PROBLEM DETAILS —
The line containing "Brass floor lamp" marks the end: copy exactly every line from the start of the records below up to and including it, leaving out pictures.
START EXTRACTED RECORDS
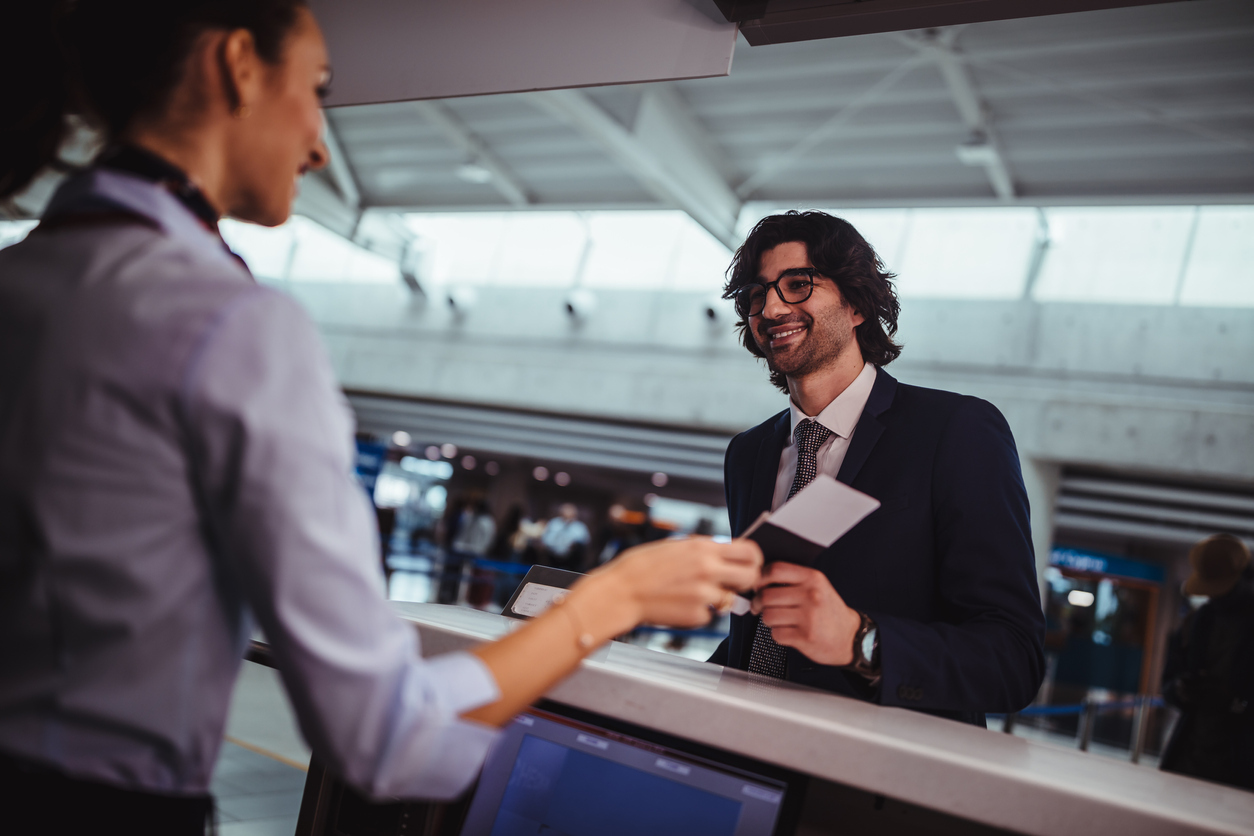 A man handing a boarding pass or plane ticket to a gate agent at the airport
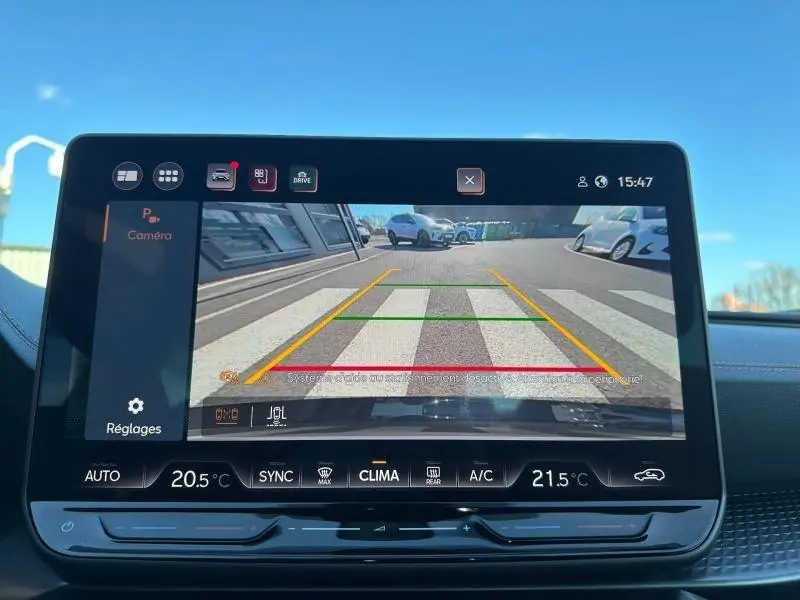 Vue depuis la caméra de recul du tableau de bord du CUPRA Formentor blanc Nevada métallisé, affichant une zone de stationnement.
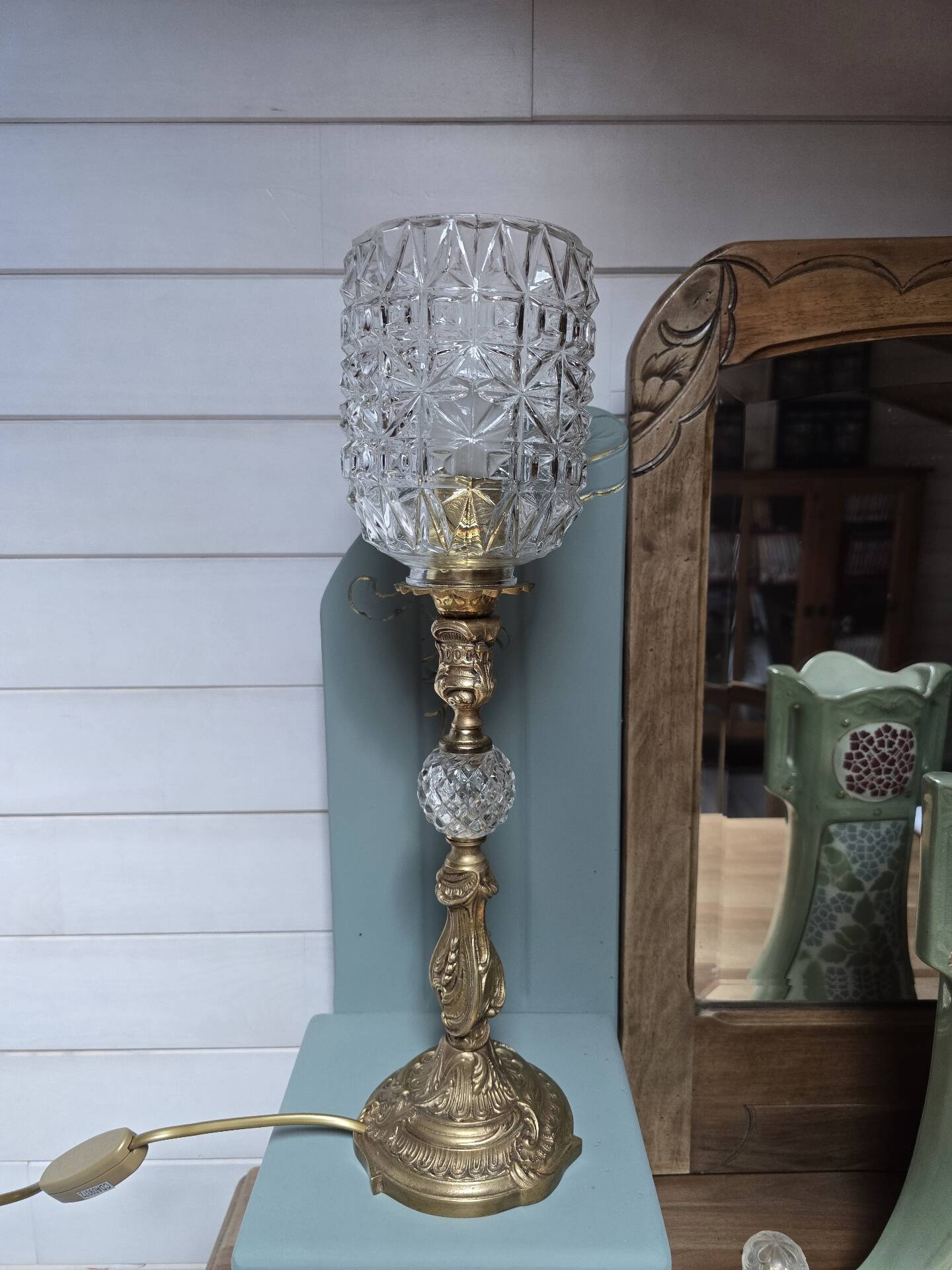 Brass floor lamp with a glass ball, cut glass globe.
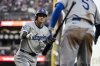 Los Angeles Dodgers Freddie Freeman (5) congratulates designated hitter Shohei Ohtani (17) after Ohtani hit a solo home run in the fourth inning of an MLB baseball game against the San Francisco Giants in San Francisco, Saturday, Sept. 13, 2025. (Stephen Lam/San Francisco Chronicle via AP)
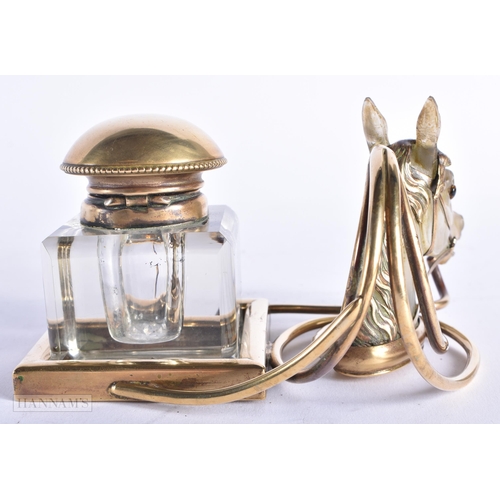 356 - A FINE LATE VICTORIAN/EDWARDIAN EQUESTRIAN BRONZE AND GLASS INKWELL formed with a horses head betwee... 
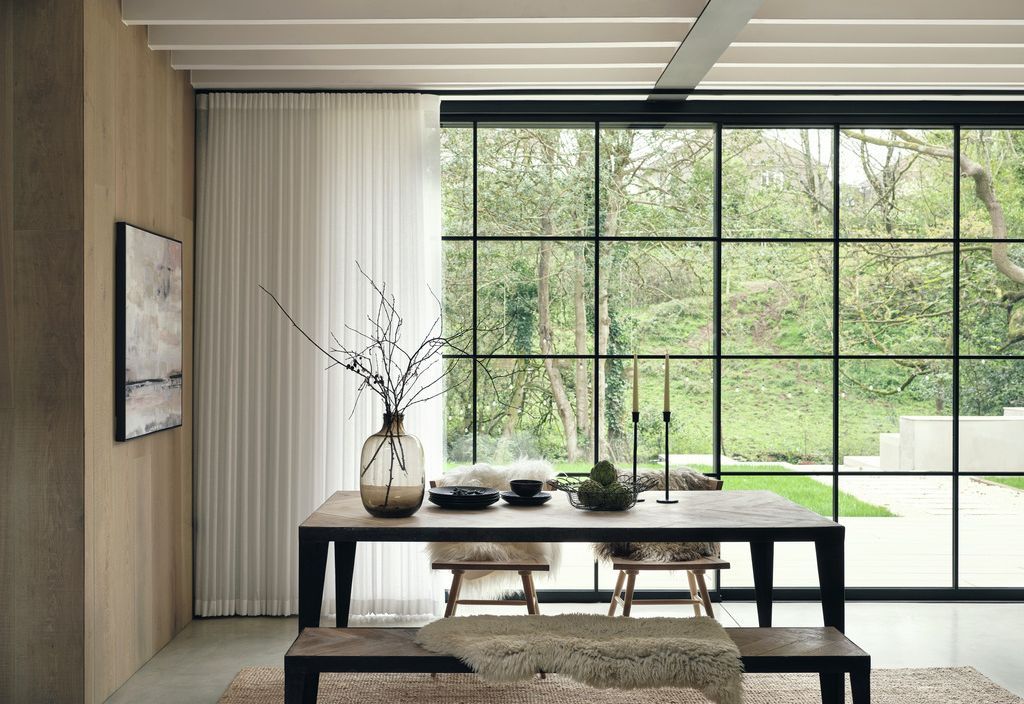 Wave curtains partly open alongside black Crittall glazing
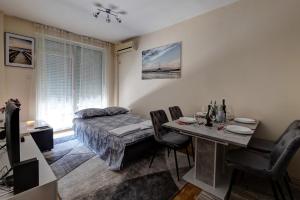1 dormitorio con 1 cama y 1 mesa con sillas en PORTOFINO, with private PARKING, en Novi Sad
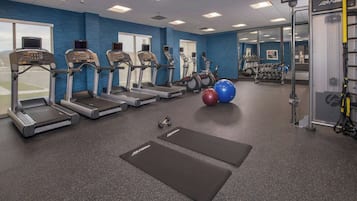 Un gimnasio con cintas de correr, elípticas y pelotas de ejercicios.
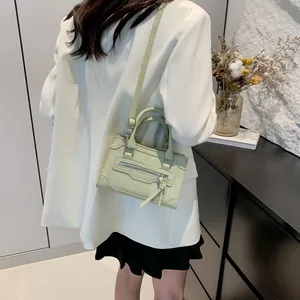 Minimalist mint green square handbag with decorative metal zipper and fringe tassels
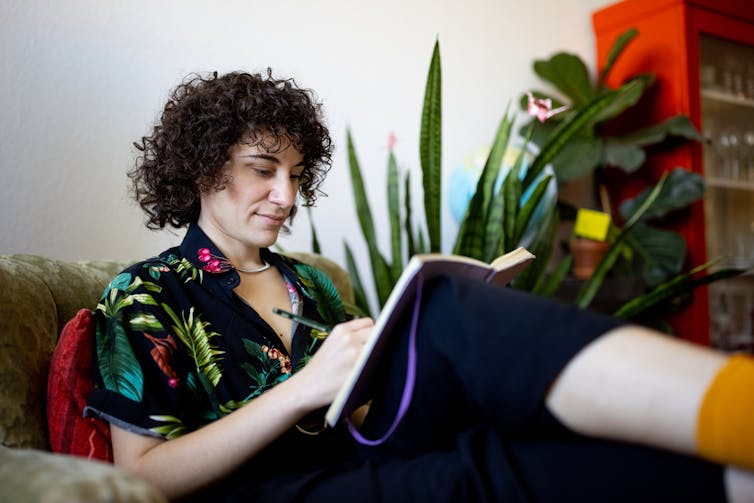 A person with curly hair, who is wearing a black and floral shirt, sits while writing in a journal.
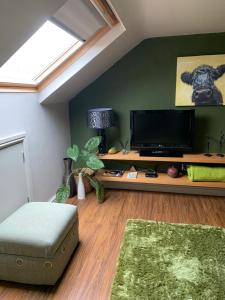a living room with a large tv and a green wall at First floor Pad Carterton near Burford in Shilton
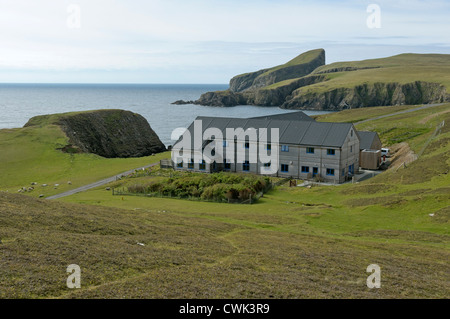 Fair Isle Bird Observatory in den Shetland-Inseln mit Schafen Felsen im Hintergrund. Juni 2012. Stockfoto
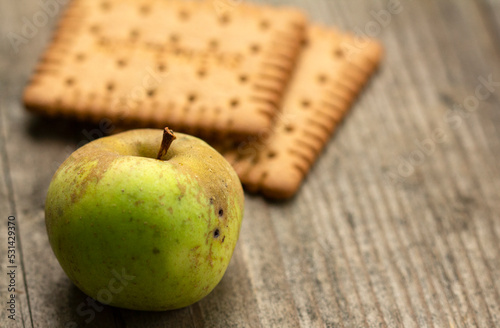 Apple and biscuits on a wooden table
END EXTRACTED RECORDS
SOLUTION —
 A man handing a boarding pass or plane ticket to a gate agent at the airport
 Vue depuis la caméra de recul du tableau de bord du CUPRA Formentor blanc Nevada métallisé, affichant une zone de stationnement.
 Brass floor lamp with a glass ball, cut glass globe.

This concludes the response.